Sword has been wielded by dozens of dark lords in the past

>Sword has been wielded by dozens of dark lords in the past
>Turns out it subtly sabotaged all of them and was the reason why they all failed

Neat

>"Hey [BBEG]! I got a nice gift for you!"

So if a dark lord doesn't really do much fighting, but owns the sword does it sneak off and change the numbers on his trade deals or something, or is it really only bad for the more martial dark lords?

Not Op but I always like to think that the sword just causes their plan to fail by manipulating events in a string theory sort of way. It just makes it so that no matter what their plan is, the one thing that could stop it happens
Probs made by some god of justice or trickery or some shit.

It slowly drives them a little crazy, a little erratic, so that there are subtle flaws in their planning and their defenses. So that they get violent with their henchmen and make foolhardy attacks and decisions.

Essentially it slowly warps them into dark lord cliches.

It's probably just very sinister and ominous and spooky, while also giving (subtly) bad advice on all things. Which I personally imagine it does with great enthusiasm.

>YEEEES, dark one! Murder them all, leave only the children to tell of your evil!

It makes spellcaster villains want to fight using it

"A good idea! These children whose parents I have murdered, it will be years before they are old enough to oppose me. Living their lives under my iron-fisted rule will break their spirit. By the time they are old enough to pursue a campaign of revenge against me, they won;t have the spine for it anymore. "
"You give me good advice, unspeakable evil sword. I am glad to call you friend."

>Doublecross the assassin's guild! Show them who the TRUE master of sudden death without warning is!

>(Oops.)

Was it forged by a troll?

Nah, by a dwarf. From a troll though.
Did you know petrification victims occasionally contain ore?

>Did you know petrification victims occasionally contain ore?
bloodstream becomes iron or something?

>Well come on, who could have seen that coming?

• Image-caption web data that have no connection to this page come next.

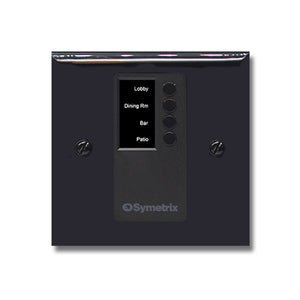 Symetrix W2 - Wall Mount IP Controller for Symetrix DSP Systems (Black / Euro)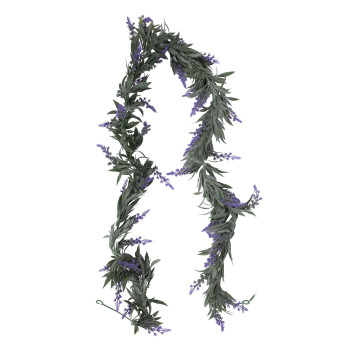 Garland GREENLAND 180cm, zili ziedi Garland GREENLAND 180cm, zili ziedi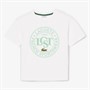 Lacoste Boys T-Shirt Blanc/Liamone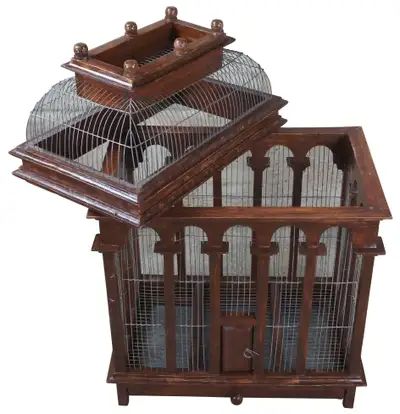 Vintage Bird Cages, Wooden Bird Cage, Antique Bird Cages, Cage Decor, Animal Cage, Farm Lifestyle, Bird Cage Decor, Vintage Bird Cage, Birdcages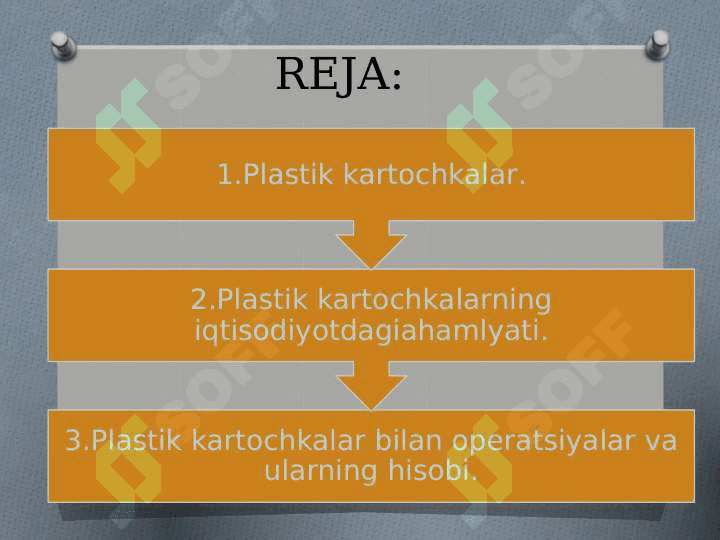 Plastik kartochkalar bilan operatsiyalar va uning hisobi 2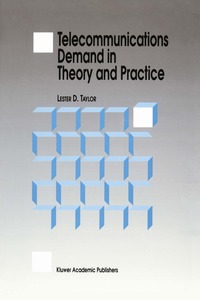 bokomslag Telecommunications Demand in Theory and Practice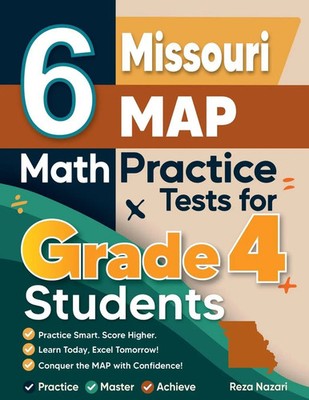 6 Missouri MAP Grade 4 Math Practice Tests Reza Nazari Taschenbuch Englisch 2026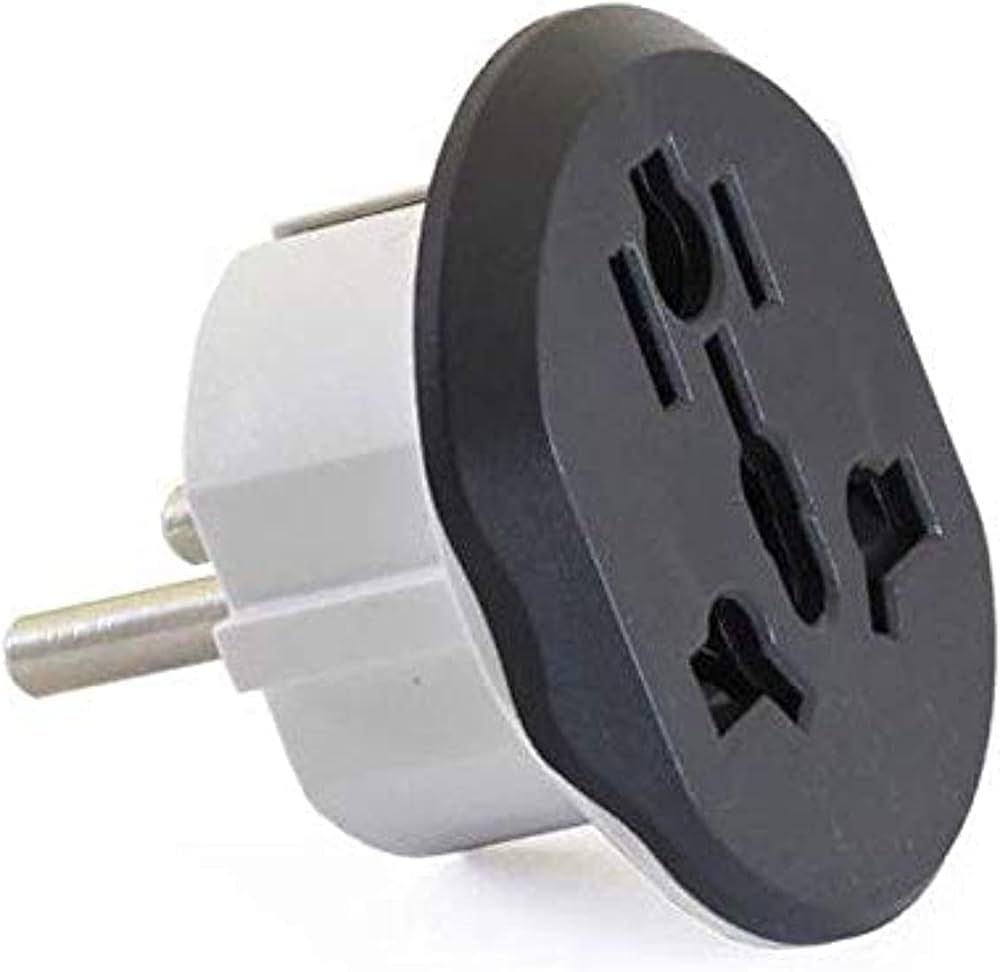  GLX-320WR Power Lock Travel Plug adapter Converter – gray and white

"Kidnap the princess! With her at your side, you'll surely sway over the peasants for yourself. I recommend locking her up until she loves you!"
"Ah, the good old stocktown syndome, I've read about that back in University. What a glorious Idea my trusted sword."

I feel that it might become a bit vain overtime or seek to get itself spoilt. Stuff like getting a nice service session or getting the bbeg to commission a suitable set of armour to go with the sword.

>"Its simple oh Ruthless One! You should send your servants after this 'hero' weakest to strongest, so as to conserve your resources!"

"I don't know, shouldn't I just kill him?"

>"Whose the ancient artifact of Pure Evil here?"

>Suck the wizard's diiiiick. Suck his diiiiick...

So it was made by those twins from Oglaf?

>turns out the sword contains a spirit who, while a complete dickbag, is a genuinely Good person
>the spirit actively encourages an evil appearance and mythos so that it can infiltrate dark lord plans and sabotage them
>if wielded by an adventurer it mostly just makes snide remarks about the 'hero' and complains if their swordsmanship isnt up to par, occasionally dropping advice
>it may or may not have been a NG rogue in the past
>it also really likes spooky skull motifs

>you could just use me to kill him now, O Evil One, but is that an appropriate demonstration of your majestic evil? Why not construct an elaborate, grandiose death trap to imprison the adventurer in? With your genius there's no way he could escape!

I prefer that the sword is actually evil. It was just made by evil dwarves who tried to put the essence of evil into it, and ended up accidentally creating something with about as much practical understanding of evil as a Saturday morning cartoon villain.

I think it works better as genuinely evil, but also hilariously incompetent.

I dunno, does it have a million attachments and spurts fire.